Oh, now I get what you're saying about how she's more connected to you. I've heard other adoptive parents say the same thing. I don't know what to tel you about htis. She may have a hard time knowing how to relate to kids, and imparticular how she's "supposed" to relate to your DD. My child's birthmother loves kids, spends time with other little ones, but hasn't quite found her way, or her comfort zone, with babe yet. I wish I could help more with this idea of connectedness. Hopefully in time they will find their own way and their own sort of relationship.
Wow, yikes, on the lap?! She sounds very young, and like her boundaries with men are blurred. That had to be pretty wierd for your husband. I think my hubby would have a coranary if anyone but me tried to sit on his lap. I don't have much experience with this, others might.
Was the crazy stuff political stuff? Do you hope she'll "even out" politically? Or was the crazy stuff just off the wall stuff?
I really think the reason all your friends who've adopted are saying what they're saying is for their own sake. They have to feel good about what they've done but how can they if you don't join them? Instead you continually choose to stand up for your own commitments and morals.

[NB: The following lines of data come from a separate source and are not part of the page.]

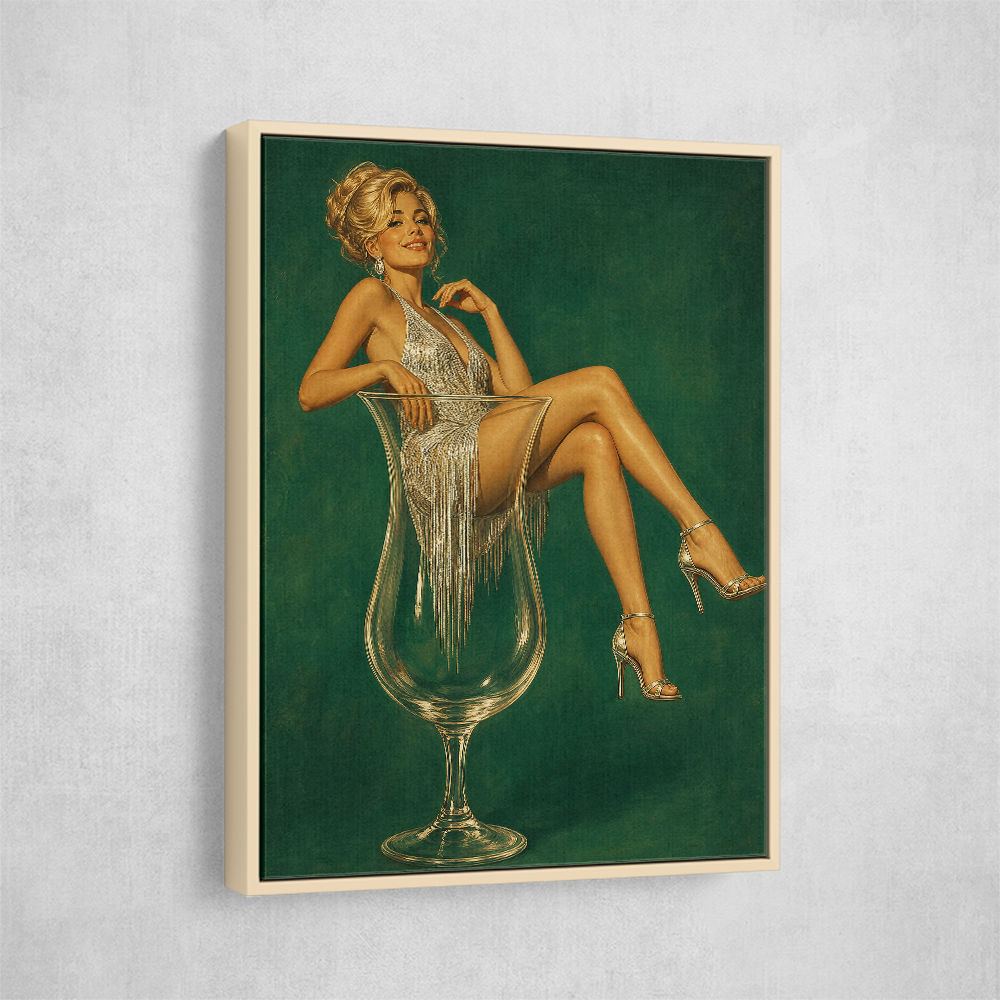 Fizz, Fringe & Fabulous – Vintage Glamour Wall Art
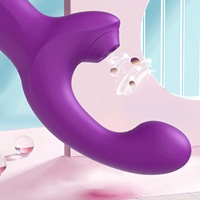 Puissant Vibromasseur à Succion Clitoridienne pour Femme, Stimulateur Clitoridien Torsadé à Doigt, Jouets Sexuels pour Femmes Adultes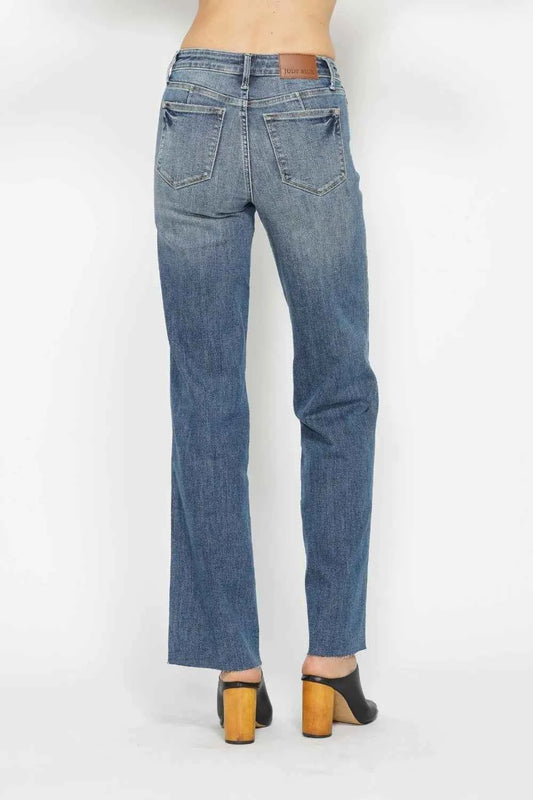 Full Size Tummy Control Straight Jeans 30e2b003-a795-4892-b02c-15fb371a80cd-Max
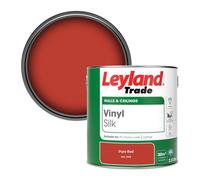 Leyland Trade Vinyl Silk Walls & Ceilings Emulsion Paint Pure Red (Ral 3028) - 2.5L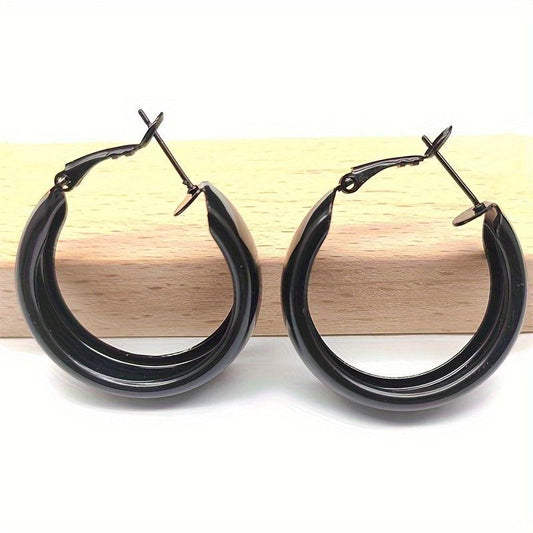 Chunky Hoop Earrings for Women Halloween Christmas Gift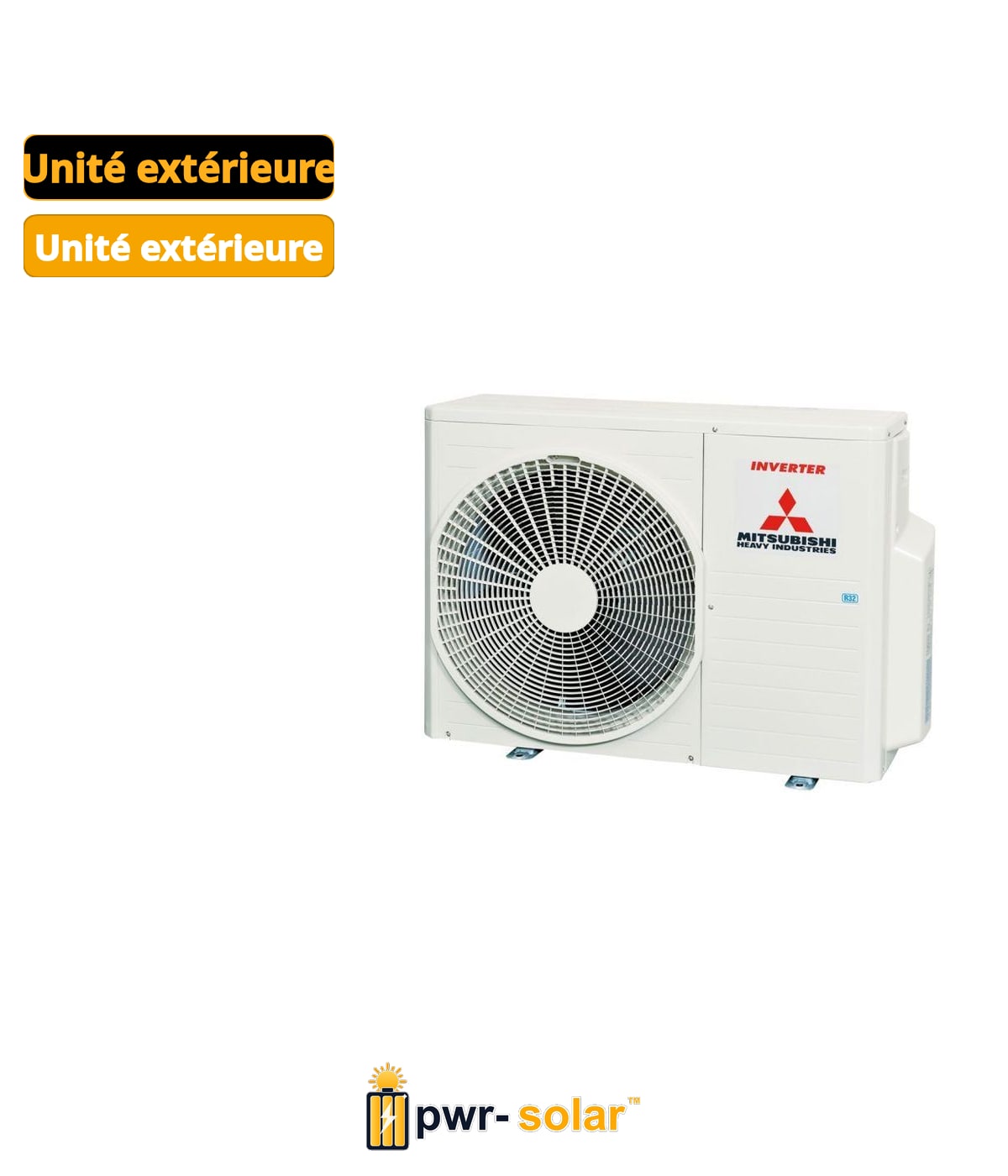 Mitsubishi SCM40ZS-W - Unité extérieure Multi-split - 4,0 kW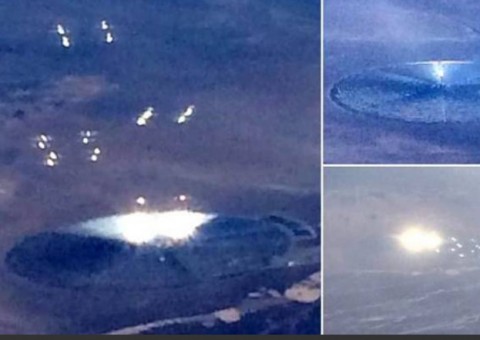 Avião flagra luzes misteriosas perto de área militar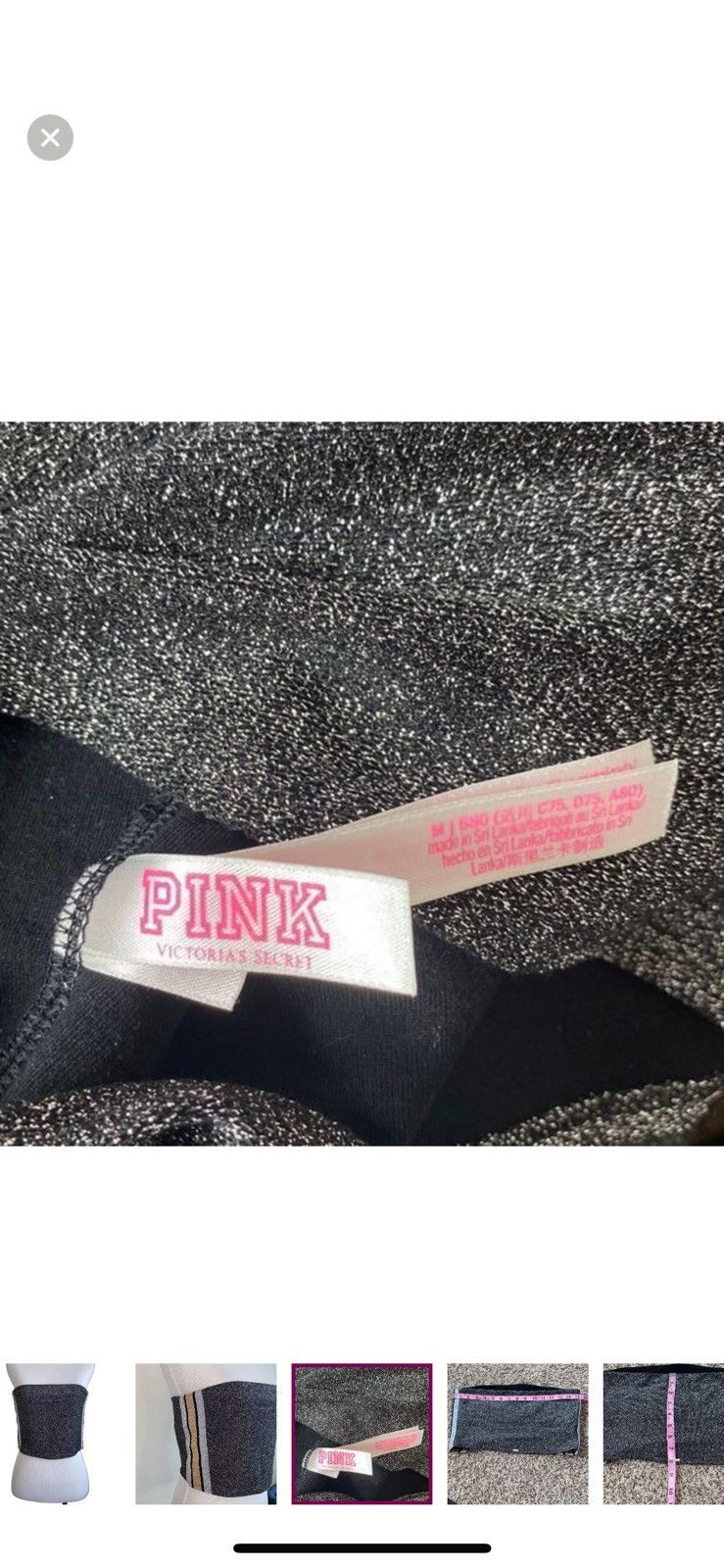 Pink Pink Victoria’s Secret medium sparkly bandeau tube top Size M / US 6-8 / IT 42-44 - 3 Thumbnail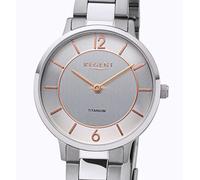 Beautiful fashionable Regent F-1339 FULL-TITANIUM ladies watch RRP 99.00 EUR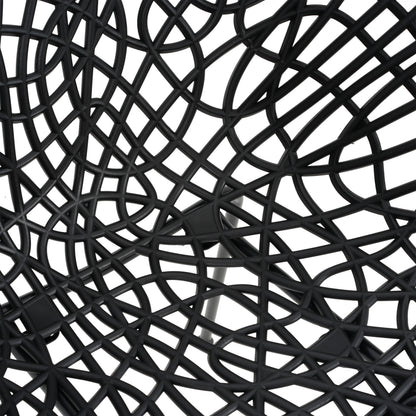Dahliae Outdoor Patio Dining Chairs, Iron & Plastic, Set of 2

I'm sorry you didn't get the response you'd hoped for. This forum topic is less frequented, post your question on the General AP Support forum and I think you'll get more traffic.
all the best.
The thing that concerns me most of all is your dd's reaction and feelings around her birthmom. No one wants to force a relationship on their child that makes them feel unsure about their home, parents, or family. Your DD has got to feel safe, and from what you say she does not when her birthmom comes to visit. I tend to agree with for now I would stick to emails and letters and maybe wait a bit on anymore home stays. Your DD's emotional well being is way more important than anything else right now.